A reverse quantitative isoperimetric type inequality for the Dirichlet Laplacian

TL;DR

This paper establishes a stability inequality linking the first Dirichlet eigenvalue of a convex set to its perimeter, providing a quantitative measure of how geometric deviations affect spectral properties.

Contribution

It proves a reverse isoperimetric inequality for the Dirichlet Laplacian, relating eigenvalue differences to perimeter differences with a quadratic dependence.

Findings

Proves a lower bound for eigenvalue differences in terms of perimeter differences.

Provides a sharp estimate of Fraenkel asymmetry based on perimeter.

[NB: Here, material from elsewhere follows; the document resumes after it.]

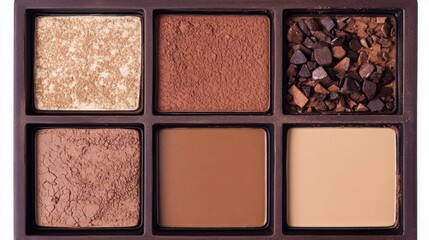 Fototapeta premium Various shades of makeup powder in a compact palette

Establishes a constant depending only on the dimension for the inequality.

Abstract

A stability result in terms of the perimeter is obtained for the first Dirichlet eigenvalue of the Laplacian operator. In particular, we prove that, once we fix the dimension $n\geq2$, there exists a constant $c>0$, depending only on $n$, such that, for every $\Omega\subset\mathbb{R}^n$ open, bounded and convex set with volume equal to the volume of a ball $B$ with radius $1$, it holds \begin{equation*} \lambda_1(\Omega)-\lambda_1(B)\geq c\left(P(\Omega)-P(B) \right)^{2}, \end{equation*} where by $\lambda_1(\cdot)$ we denote the first Dirichlet eigenvalue of a set and by $P(\cdot)$ its perimeter. The hearth of the present paper is a sharp estimate of the Fraenkel asymmetry in terms of the perimeter.